Penn Law prof investigates whether U.S. companies are American-owned
America touts its business bona fides by trumpeting companies like Apple, Microsoft, GE, IBM, and Google, which are among the most admired, successful, and innovative corporations in the world. Although they have grown into large, multinational conglomerates, each was born right here in the United States.
The taxation of U.S. multinational corporations is one of the most important policy items on the desks of elected officials in the nation’s capital. Those in favor of reducing the tax rate on multinational businesses argue that the current U.S. tax code puts American companies at a competitive disadvantage internationally, and leads corporations to shift profitable aspects of their companies to foreign countries offering tax relief.
Chris Sanchirico, the Samuel A. Blank Professor of Law, Business, and Public Policy at Penn Law School and co-director of Penn Law’s Center for Tax Law and Policy, says U.S. multinationals and their supporters make two principal arguments in support of tax-friendly policies: A competitive argument—keep taxes low to help American businesses—and a call for a repatriation tax holiday that would let companies bring their foreign assets to the United States at a reduced tax rate.
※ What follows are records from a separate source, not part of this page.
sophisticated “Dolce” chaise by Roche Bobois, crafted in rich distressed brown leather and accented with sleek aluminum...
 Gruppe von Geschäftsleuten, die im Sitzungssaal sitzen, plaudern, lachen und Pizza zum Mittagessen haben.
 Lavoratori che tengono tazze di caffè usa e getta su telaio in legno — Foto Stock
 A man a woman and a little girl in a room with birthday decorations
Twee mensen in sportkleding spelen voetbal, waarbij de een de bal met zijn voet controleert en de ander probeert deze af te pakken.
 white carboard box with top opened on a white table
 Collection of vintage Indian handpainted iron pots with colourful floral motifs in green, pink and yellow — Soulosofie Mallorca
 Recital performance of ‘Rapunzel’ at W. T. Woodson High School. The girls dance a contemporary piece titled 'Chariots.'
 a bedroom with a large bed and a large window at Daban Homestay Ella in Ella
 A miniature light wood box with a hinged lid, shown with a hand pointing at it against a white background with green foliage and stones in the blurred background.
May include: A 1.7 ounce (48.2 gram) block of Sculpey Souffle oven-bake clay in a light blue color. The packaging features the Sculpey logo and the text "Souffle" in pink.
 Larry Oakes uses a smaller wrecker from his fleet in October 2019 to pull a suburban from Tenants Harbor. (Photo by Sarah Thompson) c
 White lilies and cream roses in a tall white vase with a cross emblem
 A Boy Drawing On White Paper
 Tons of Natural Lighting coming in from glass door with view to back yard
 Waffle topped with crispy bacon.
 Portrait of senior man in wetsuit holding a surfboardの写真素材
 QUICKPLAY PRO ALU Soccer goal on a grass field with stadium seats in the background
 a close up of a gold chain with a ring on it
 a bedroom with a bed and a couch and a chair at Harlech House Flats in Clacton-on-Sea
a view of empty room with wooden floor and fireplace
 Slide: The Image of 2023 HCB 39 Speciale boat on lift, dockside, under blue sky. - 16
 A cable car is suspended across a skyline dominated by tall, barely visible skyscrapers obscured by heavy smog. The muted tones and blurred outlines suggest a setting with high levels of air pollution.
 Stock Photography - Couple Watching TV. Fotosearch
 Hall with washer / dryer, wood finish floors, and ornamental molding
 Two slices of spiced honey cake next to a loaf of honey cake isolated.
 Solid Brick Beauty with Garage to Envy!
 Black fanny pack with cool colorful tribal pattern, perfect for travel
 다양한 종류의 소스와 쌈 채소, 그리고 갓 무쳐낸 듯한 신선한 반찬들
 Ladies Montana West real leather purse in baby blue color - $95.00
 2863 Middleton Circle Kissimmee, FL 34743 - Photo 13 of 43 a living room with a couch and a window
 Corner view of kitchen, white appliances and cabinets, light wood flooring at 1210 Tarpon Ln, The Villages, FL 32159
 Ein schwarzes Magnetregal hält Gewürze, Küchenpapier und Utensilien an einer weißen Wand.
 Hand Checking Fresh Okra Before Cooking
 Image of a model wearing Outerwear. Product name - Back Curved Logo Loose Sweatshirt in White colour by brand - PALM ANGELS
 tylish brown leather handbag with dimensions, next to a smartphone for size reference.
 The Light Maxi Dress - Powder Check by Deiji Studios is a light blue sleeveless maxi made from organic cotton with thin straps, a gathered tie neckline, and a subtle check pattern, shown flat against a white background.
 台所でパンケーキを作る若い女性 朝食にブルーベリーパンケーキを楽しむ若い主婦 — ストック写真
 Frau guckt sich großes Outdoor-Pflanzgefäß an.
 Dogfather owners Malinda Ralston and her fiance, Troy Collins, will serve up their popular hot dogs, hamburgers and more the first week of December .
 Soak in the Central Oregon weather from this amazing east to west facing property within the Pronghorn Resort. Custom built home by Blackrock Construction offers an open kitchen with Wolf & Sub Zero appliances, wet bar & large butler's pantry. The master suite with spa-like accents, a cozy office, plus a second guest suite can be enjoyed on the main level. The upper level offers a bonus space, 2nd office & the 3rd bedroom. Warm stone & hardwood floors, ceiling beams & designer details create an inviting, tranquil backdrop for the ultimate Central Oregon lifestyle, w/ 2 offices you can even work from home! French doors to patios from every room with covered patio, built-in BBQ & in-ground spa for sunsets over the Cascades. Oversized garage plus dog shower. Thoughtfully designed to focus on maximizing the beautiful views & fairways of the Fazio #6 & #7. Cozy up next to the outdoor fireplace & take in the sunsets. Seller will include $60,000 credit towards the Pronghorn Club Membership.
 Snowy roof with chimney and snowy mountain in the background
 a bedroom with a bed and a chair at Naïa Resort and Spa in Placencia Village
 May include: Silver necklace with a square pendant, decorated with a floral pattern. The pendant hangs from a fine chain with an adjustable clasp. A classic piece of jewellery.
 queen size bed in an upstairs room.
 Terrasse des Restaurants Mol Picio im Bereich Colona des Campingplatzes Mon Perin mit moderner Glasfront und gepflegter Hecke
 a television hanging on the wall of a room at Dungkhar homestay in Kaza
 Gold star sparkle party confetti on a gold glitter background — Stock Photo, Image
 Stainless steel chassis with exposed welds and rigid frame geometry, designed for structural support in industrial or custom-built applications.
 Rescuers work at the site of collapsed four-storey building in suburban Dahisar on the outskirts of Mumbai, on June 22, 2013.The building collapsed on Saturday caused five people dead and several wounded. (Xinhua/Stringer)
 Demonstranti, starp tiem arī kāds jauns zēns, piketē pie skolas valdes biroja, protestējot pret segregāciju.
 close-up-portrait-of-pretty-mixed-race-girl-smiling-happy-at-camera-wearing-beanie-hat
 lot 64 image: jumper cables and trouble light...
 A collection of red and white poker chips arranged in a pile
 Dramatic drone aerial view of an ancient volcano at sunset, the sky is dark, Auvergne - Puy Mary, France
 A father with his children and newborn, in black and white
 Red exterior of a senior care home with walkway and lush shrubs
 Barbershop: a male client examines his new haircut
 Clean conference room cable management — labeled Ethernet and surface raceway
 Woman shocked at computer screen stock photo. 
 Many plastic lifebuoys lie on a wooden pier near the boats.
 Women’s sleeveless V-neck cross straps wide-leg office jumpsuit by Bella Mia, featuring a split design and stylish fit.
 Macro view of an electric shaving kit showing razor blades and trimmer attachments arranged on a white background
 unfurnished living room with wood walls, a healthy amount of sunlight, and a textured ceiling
Sanchirico says both arguments are based on the presumption that these multinational companies are largely U.S.-owned.
“The truth is, we actually don’t know very much about who owns these companies,” he says.
The ownership nationality of large U.S. multinationals plays an important role in the current debate over how multinational corporations should be taxed. Multinational companies lobbying for a tax benefit claim it keeps them competitive, and that it is important for American companies to be competitive on the global scale.
“If the argument is that we should keep taxes low and give up tax revenue, which is very precious right now, in order to help someone win a competition, it seems important to know who that person is,” Sanchirico says.
“As American as Apple Inc.: International Tax and Ownership Nationality,” a paper recently written by Sanchirico that will be published later this year in the Tax Law Review, investigates the role of ownership nationality in the taxation debate, and to what extent these ostensible “U.S.” companies are owned by foreign investors. He says “much less is known” about the ownership of large U.S. multinationals than one might have imagined.
The Department of the Treasury collects information on foreign holdings of U.S. stocks, but Sanchirico says existing reports “reveal almost nothing about the foreign ownership share of large U.S. multinationals.” The companies themselves do not know their own foreign ownership share because not all shareholders are registered directly with the company. Sanchirico says establishing national ownership is nearly impossible.
Advocates of the repatriation tax day holiday contend that if U.S. multinationals are able to bring the reported $2 trillion they are legally holding in foreign subsidiaries back to the United States at a reduced tax rate, the money will flow through shareholders into the American economy and create jobs.
“Once again you see a premise, which is that the shareholders of the parent are largely U.S. persons,” Sanchirico says. “It’s an important piece of information. If the shareholders are sitting in Iowa, they’re more likely to plow that money back into the U.S. economy. If those shareholders are located in China or in France, you would imagine a lot more of it would go outside of the U.S. economy.”
Sanchirico is not anti-multinationals. He says economic integration and foreign investment are “wonderful,” but he questions the presumption employed by these companies that they are genuinely “American.”
Foreign investment is advantageous for U.S. multinationals, but Sanchirico says the companies should not be allowed to take advantage of the assumption that they are owned by U.S. shareholders.
“We need to be smarter about that,” he says. “We need to think harder about who actually owns these companies in evaluating the tax benefits that we offer them. There might be very good economic arguments for helping these companies, there might be arguments that go to global welfare. But until we sort out their ownership nationality we should be wary of patriotic arguments.”